Tramm served as director of Coro Lirico, an amateur chorus based in Morris County, for four years.

At Seton Hall University, Tramm organized a program honoring conductor Alfredo Silipigni. The event included the Grand Finals Concert of the Alfredo Silipigni International Vocal Competition at Jubliee Auditorium

Tramm also conducted the University Chamber Choir at the annual Evening of Roses fundraiser for the Rose Thering Fund for Education in Jewish-Christian Studies.

In 2020, Tramm and his con, Quinton Tramm, launched the Youtube podcast Music Matters with Jason Tramm during the COVID-19 pandemic.

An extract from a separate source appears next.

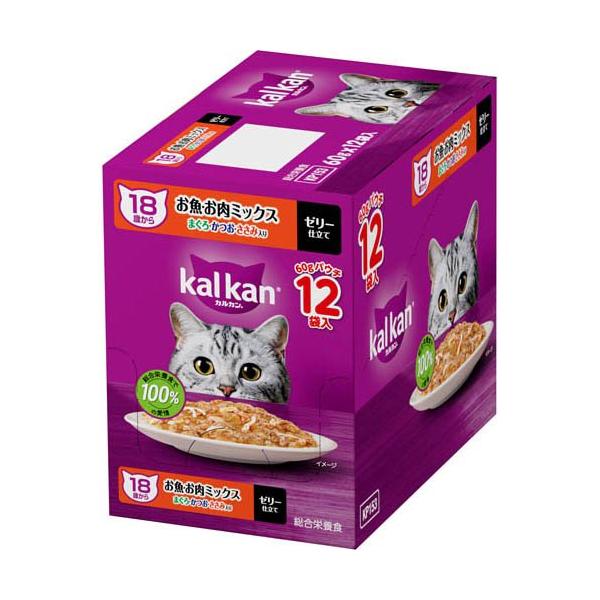 他サイト： カルカン パウチ １８歳 お魚・お肉ミックス まぐろかつおささみ キャットフード ( 60g×12袋入 )/ カルカン パウチの商品画像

In September2023, Tramm and pianist Kariné Poghosyan performed with the MidAtlantic Philharmonic Orchestra at St. Vartan Armenian Cathedral. The program included Sergei Rachmanioff's Piano Concerto No. 2 and Aram Khachaturian's Piano Concerto in D-flat Major.

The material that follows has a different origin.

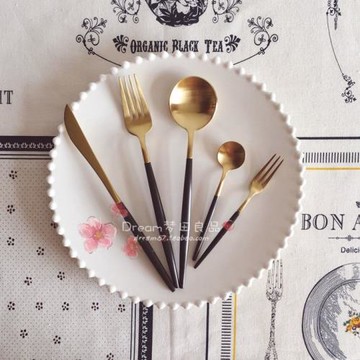 【夢田良品】啞光拉絲黑金不銹鋼刀叉勺 西餐餐具 Annie系列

Tramm joined the New Jersey State Opera, in 2006, under the mentorship of Alfredo Silipigni and became the company's leader in 2008 .

During his tenure, Tramm oversaw a production of Porgy and Bess at Newark Symphony Hall. Accordin to interviews at the time, he selected the work in an effort to attract broader audiences to the opera.

=== Pedagogy ===
In addition to his conducting roles, Tramm has served as Director of Choral and Orchestral Activities at Seton Hall University since 2011. He was named the university's Faculty Teacher of the Year

In 2003, he received the Rising Star Award from the SUNY Potsdam Alumni Association, an award previously given to performers including Renee Fleming and Stephanie Blythe. He has also conducted operatic and symphonic performances in Italy, Romania, Albania, and Hungary, where he recorded an album of French operatic arias with the Szeged Symphony.

Tramm's performances have been reviewed in Symphony Magazine and the Huffington Post.